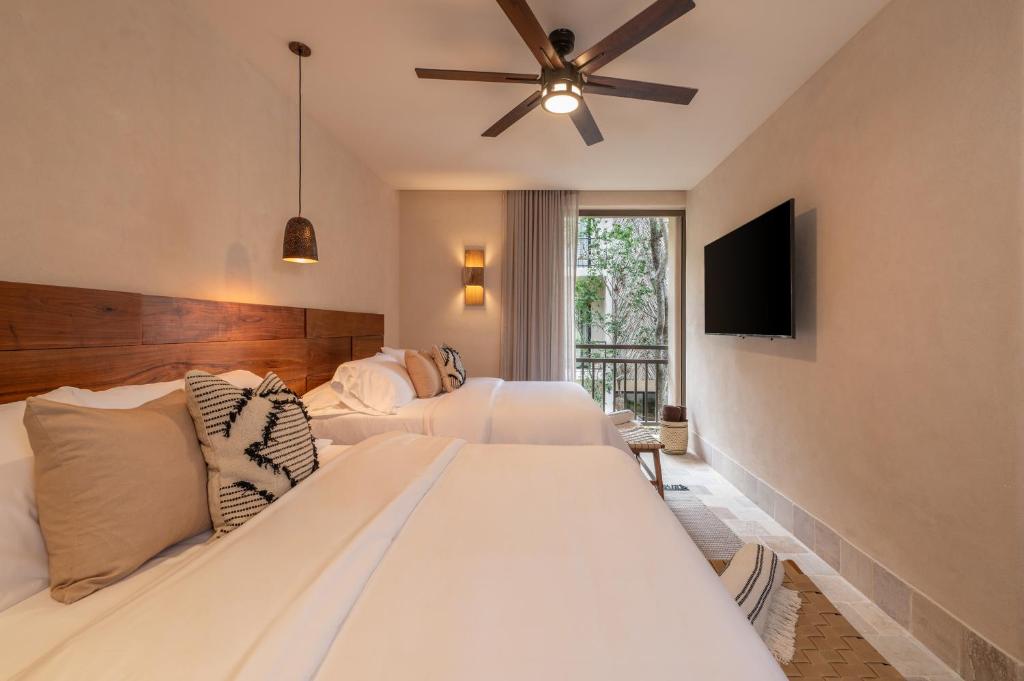 Artila Tulum Jungle Living w Private Jacuzzi - 5
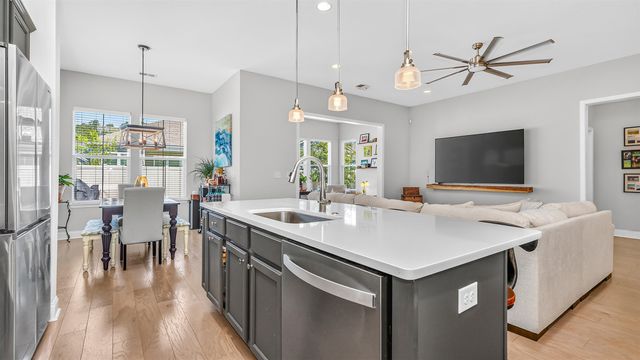 8092 Brogdon Dr, Myrtle Beach, SC 29579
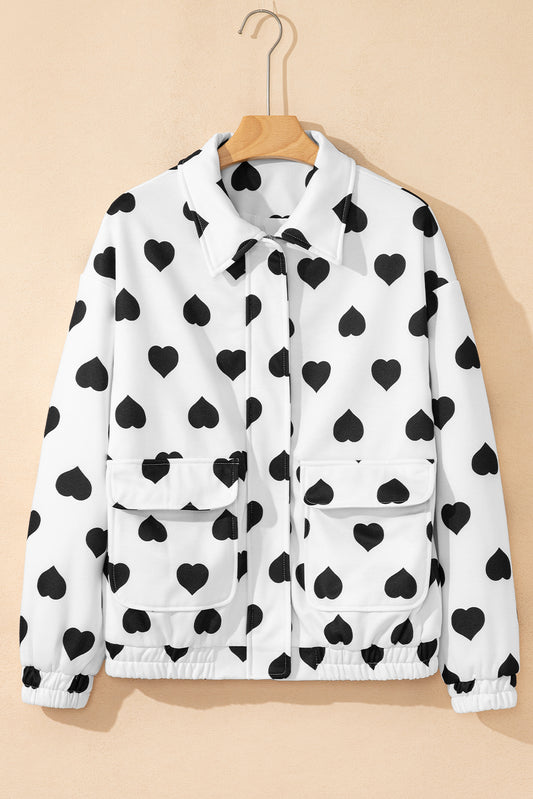 Chaqueta blanca con cremallera, cuello, estampado de corazones y bolsillos de doble solapa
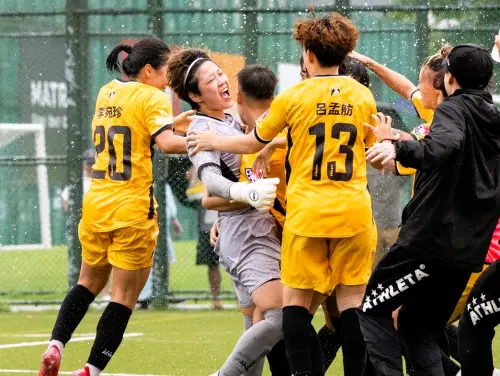 12碼PK大戰 高雄Attackers守門員三木良美(左二)射入致勝進球。(圖/柏文健康事業提供) ▲12碼PK大戰 高雄Attackers守門員三木良美(左二)射入致勝進球。(圖/柏文健康事業提供)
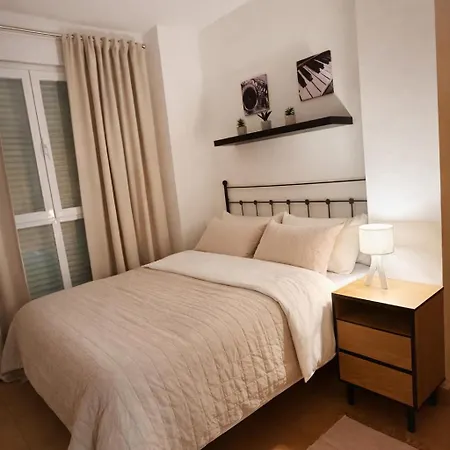 Schoene Mit Pool Und Terrasse. Lägenhet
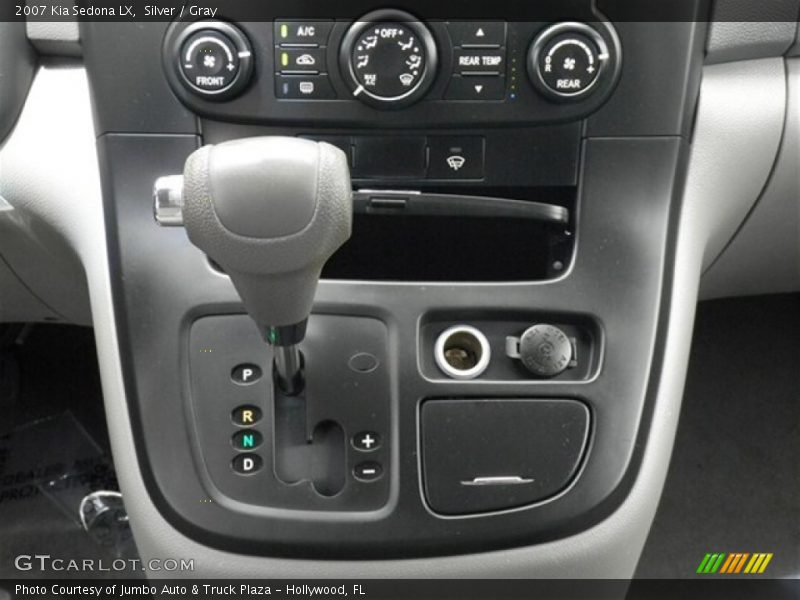 Silver / Gray 2007 Kia Sedona LX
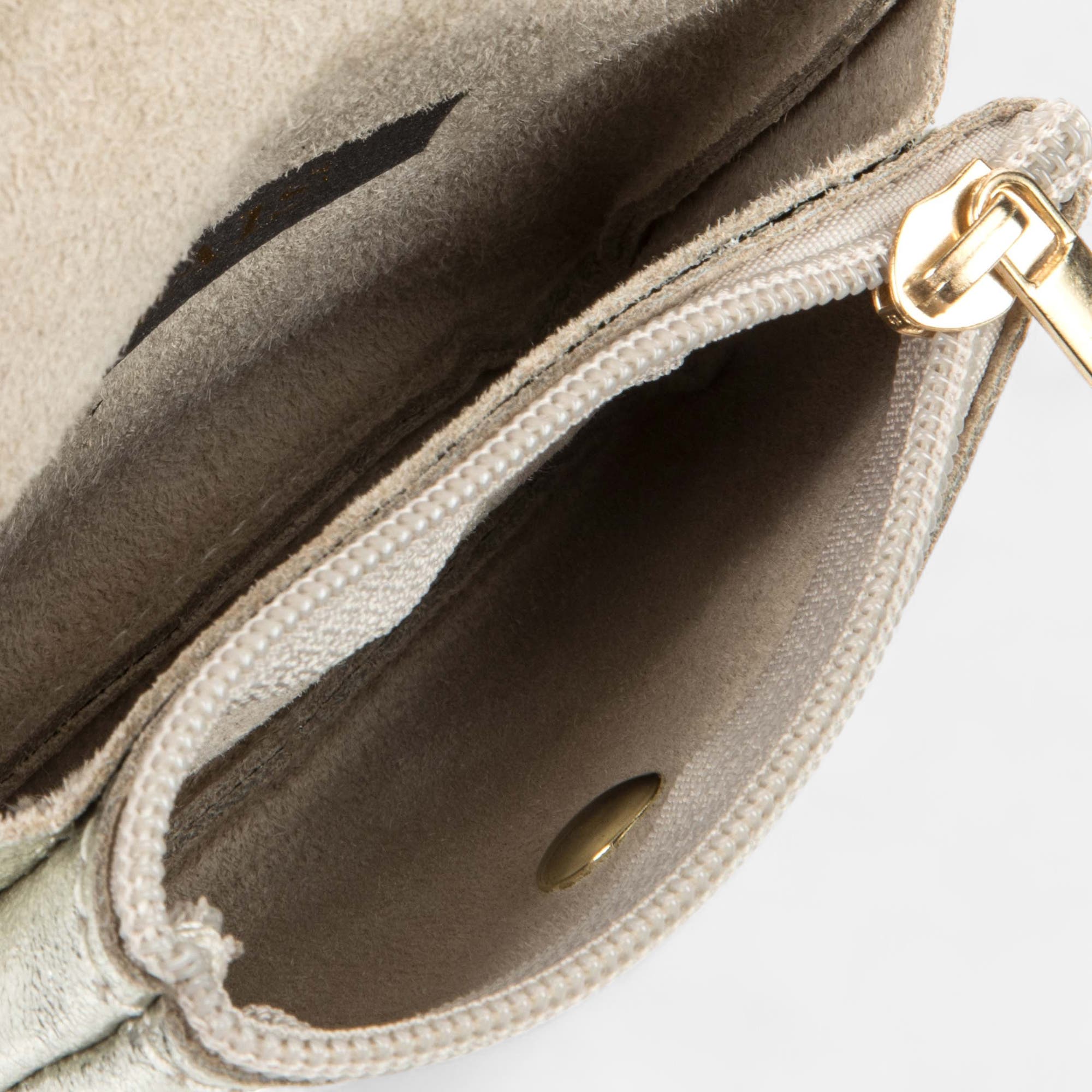 Petite maroquinerie en cuir or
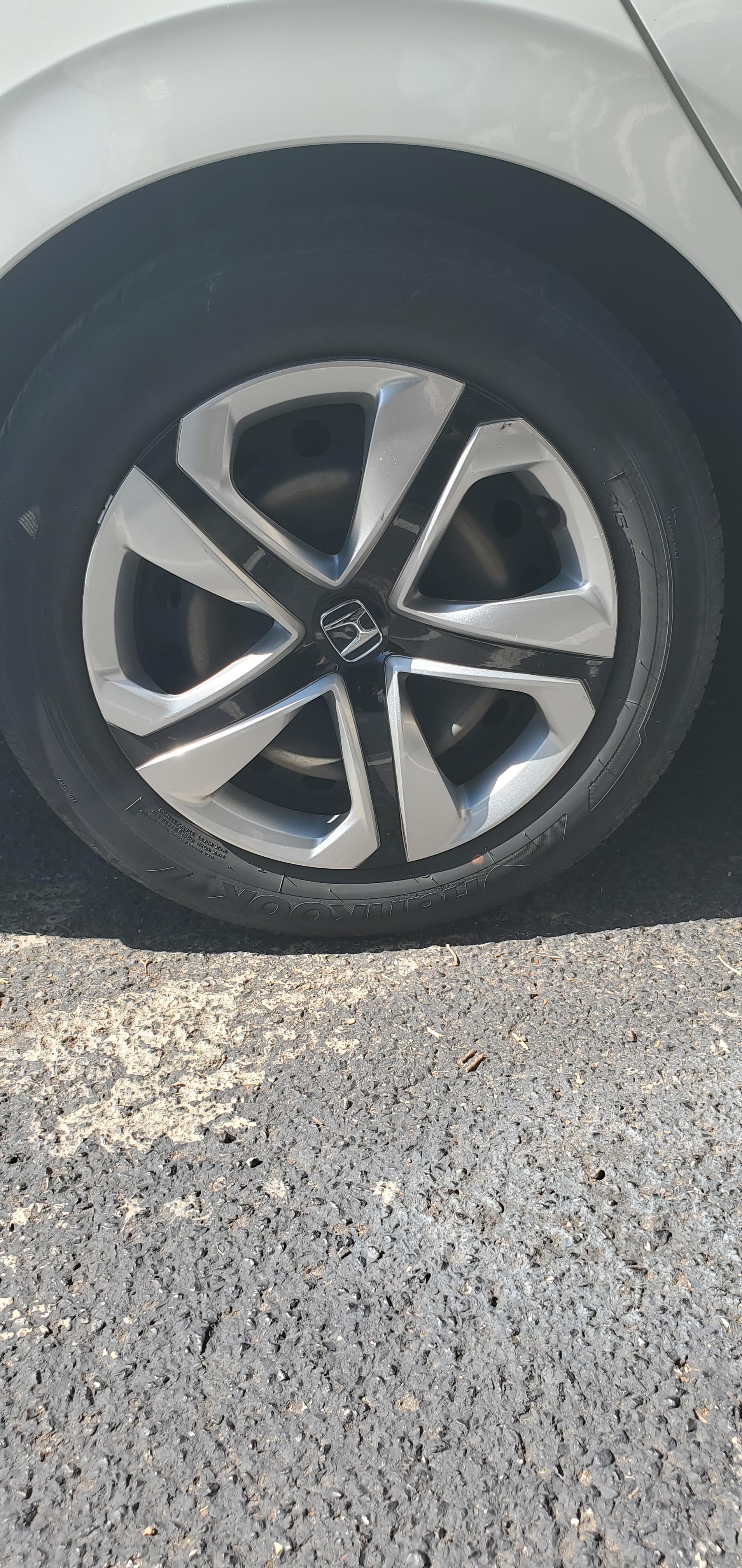 This 2016 Honda Civic hubcap : r/HelpMeFind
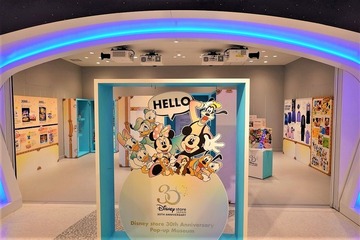 30年周年記念「ディズニーストア特別展」限定グッズ販売も 画像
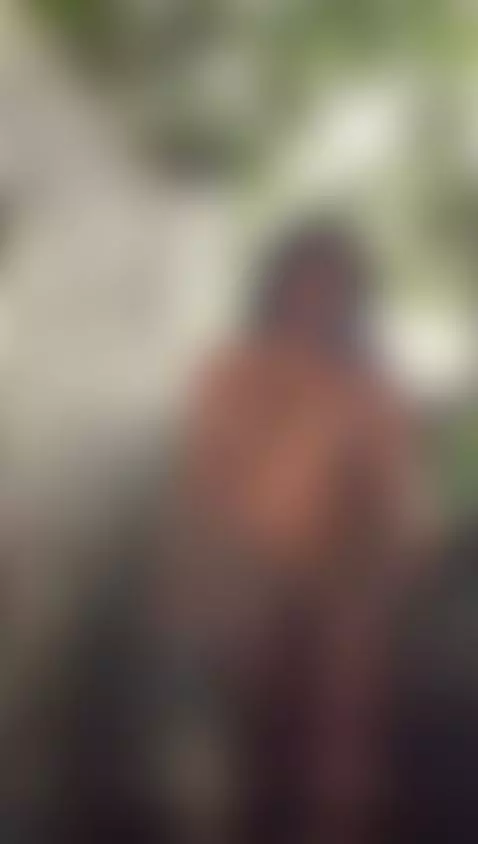 Taking a shower 💦🤭 by saamytits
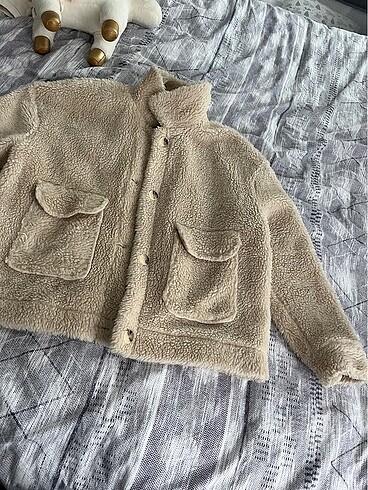 Bej rengi peluş ceket oversize kalıp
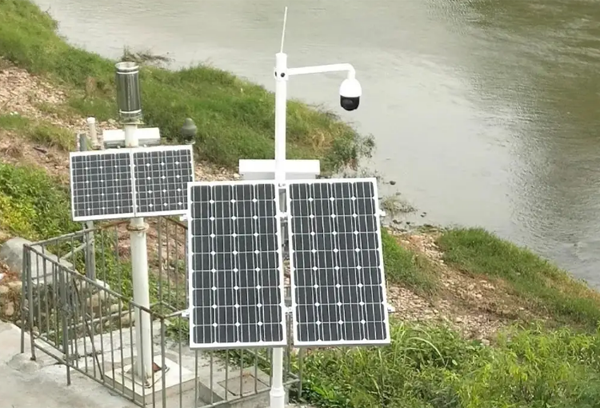 �O(ji��n)��̫��ܹ��ϵ�y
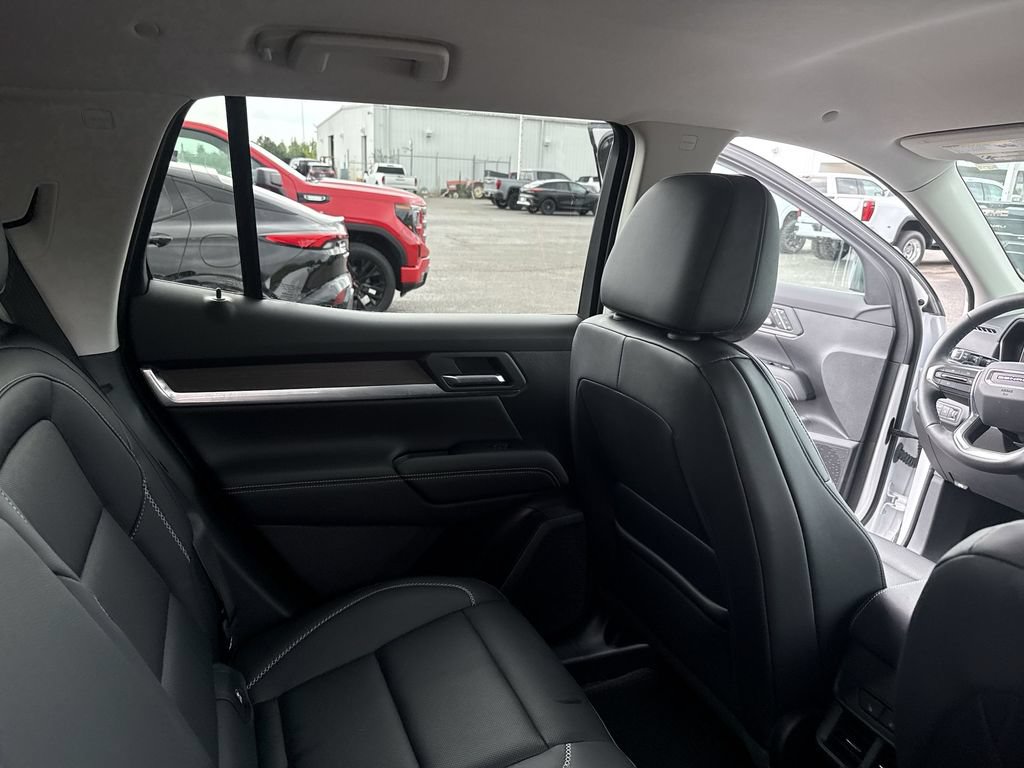 Certified 2026 GMC Terrain Denali AWD/4WD image 32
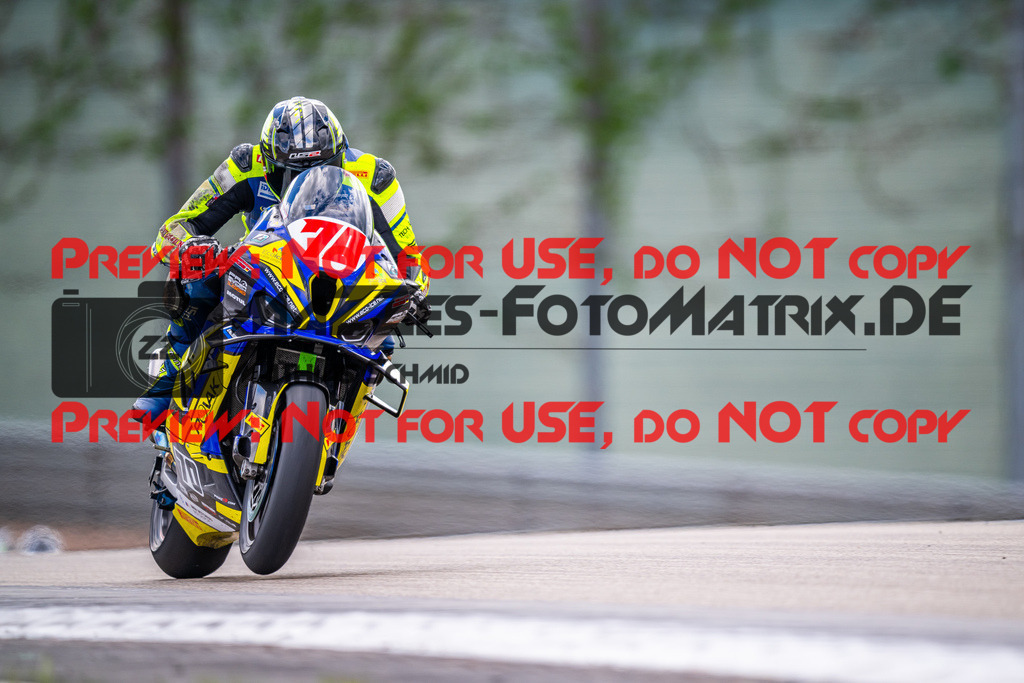 MaZZes_FotoMatrix_240505_6007705_2190 | STK1000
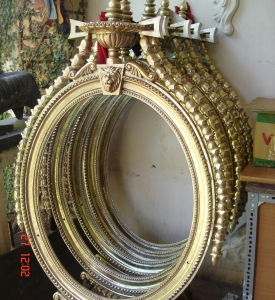 Khung Gương Bằng Composite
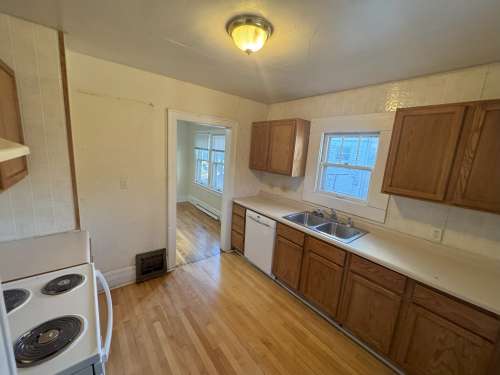 S Bed 1007 S Farwell St 11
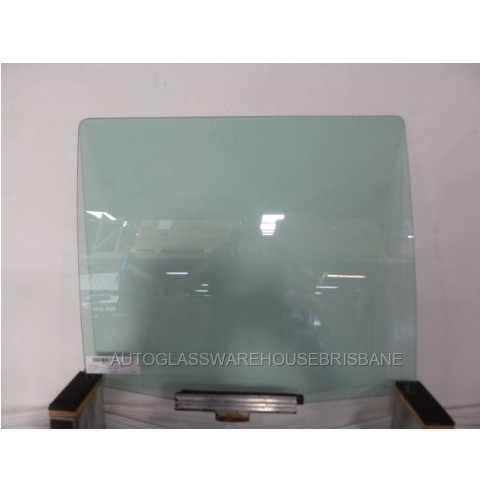 MERCEDES 124 - 1986 TO 1990 - 5DR WAGON - DRIVER - RIGHT SIDE REAR DOOR GLASS - (Second-hand)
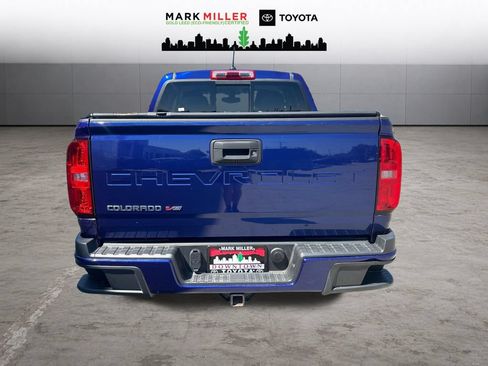 Used 2017 Chevrolet Colorado Z71 AWD/4WD image 4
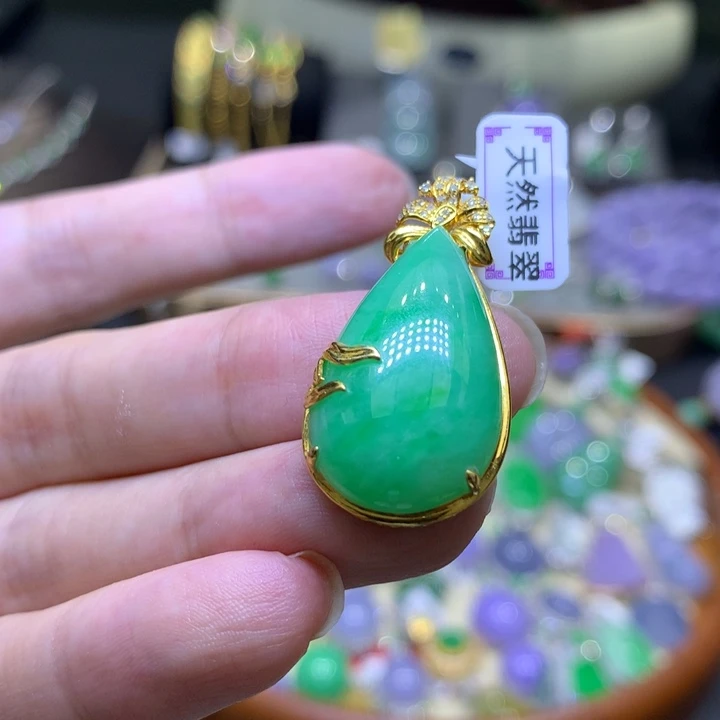 颈饰18K金镶嵌翡翠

========================================

→ **About this task**:
Transcribe exactly the span of lines from the line holding "Taking a shower 💦🤭 by saamytits" through the last line above, both included. Pictures stay out.

→ **Answer space**:
 Taking a shower 💦🤭 by saamytits
 Bej rengi peluş ceket oversize kalıp
 �O(ji��n)��̫��ܹ��ϵ�y
 Certified 2026 GMC Terrain Denali AWD/4WD image 32
 MaZZes_FotoMatrix_240505_6007705_2190 | STK1000
 Khung Gương Bằng Composite
 S Bed 1007 S Farwell St 11
 MERCEDES 124 - 1986 TO 1990 - 5DR WAGON - DRIVER - RIGHT SIDE REAR DOOR GLASS - (Second-hand)
 Used 2017 Chevrolet Colorado Z71 AWD/4WD image 4
 颈饰18K金镶嵌翡翠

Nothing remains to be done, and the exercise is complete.